The road ahead on DADT repeal, defense spending

THE ROAD AHEAD ON DADT REPEAL, DEFENSE SPENDING…. This afternoon, a Republican filibuster blocked the annual defense authorization bill from coming to the floor. The spending bill funds the military, but since it included a provision on “Don’t Ask, Don’t Tell,” the GOP felt the need to crush it.

But here’s a pesky detail: the bill still isn’t quite dead, and the Senate still has every intention of coming back to it.

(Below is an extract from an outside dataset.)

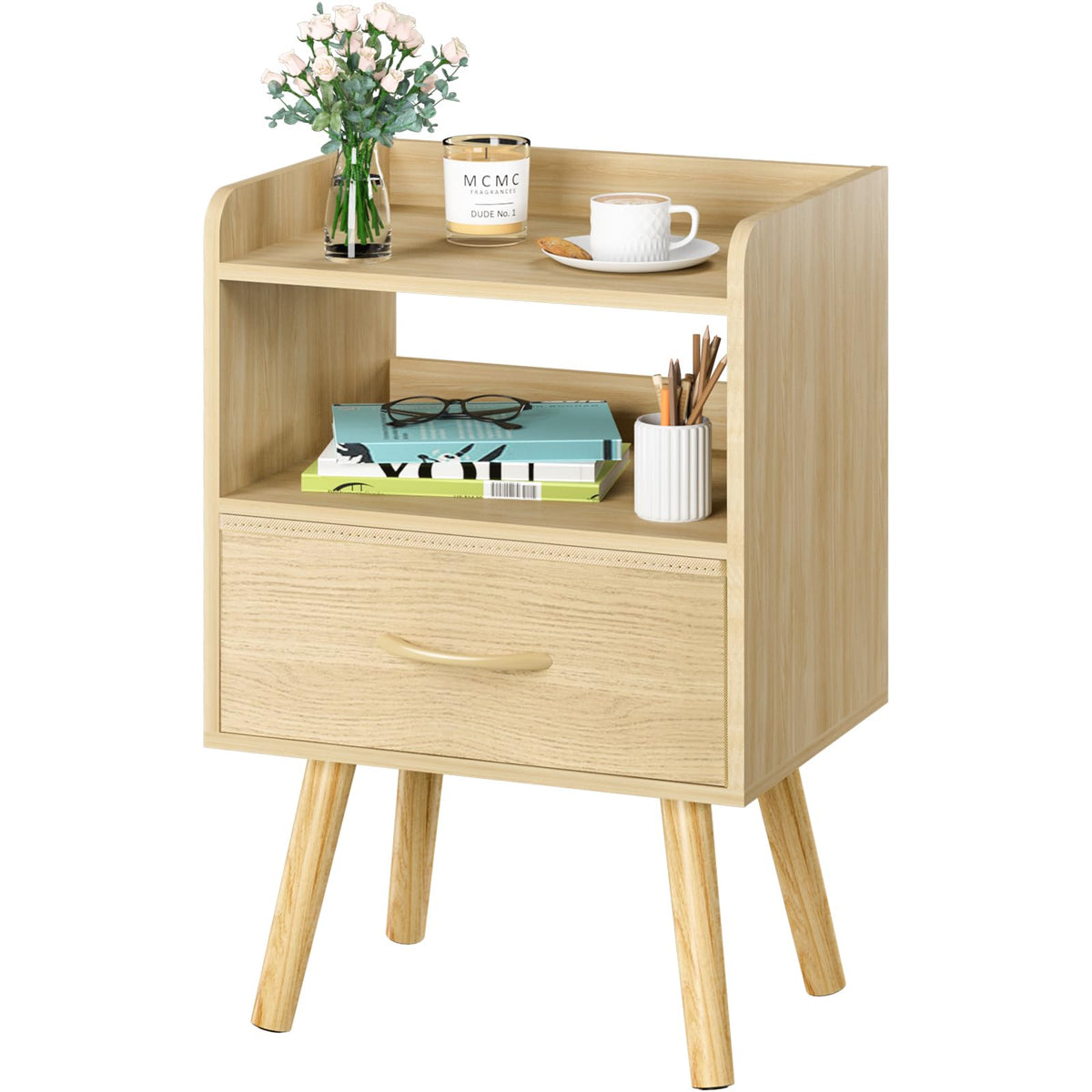 Yoobure modern nightstand with fabric drawer for private bedside storage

Republican opposition to a military spending bill won the day, and the far-right can feel very pleased with itself this afternoon, but the money the Pentagon needed yesterday is still the same money the Pentagon will need tomorrow.

We have an “all-volunteer” fighting force, but the GOP shouldn’t take that too literally — the troops still need to get paid. Republicans just fought the bill that finances the salaries of servicemen and women, and would have even given them a raise.

So, what happens now? The defense authorization bill will be taken up again during the lame-duck session after the midterm elections.

Gay rights advocates vowed to keep pressure on the Senate Tuesday, with some believing they will have enough votes to end the ban if senators vote on the compromise in December. Several moderate Republicans have said they would vote to end “don’t ask, don’t tell” only after they review a Pentagon study of how repealing the ban might impact troop readiness and morale. The study is due to President Obama and senior military leaders on Dec. 1.

“This issue doesn’t go away,” said Aubrey Sarvis, executive director of the Servicemembers Legal Defense Network, a group providing legal assistance to troops impacted by the gay ban.

“The Senate absolutely must schedule a vote in December when cooler heads and common sense are more likely to prevail once midterm elections are behind us,” he said.

But as today helped prove, there’s very little reason for optimism. After the Pentagon study, anti-gay Republicans will find some new rationale. It’s not as if they were sincere about this — the working of the provision already says it would merely empower the Pentagon and the White House to act. The excuse they were relying on for the basis of opposition was thin to begin with.

One other thing to keep in mind: the Senate will look different in the lame-duck, with the winners of the Senate races in Illinois and Delaware taking office immediately, not next year. If Republicans win either of those races, it will make any hopes of progress that much less likely.

Regardless, the DADT provision will still be in the bill when the Senate takes it up in the lame-duck session. It would need 60 votes to remove the language, and it’s not at all clear if those votes exist.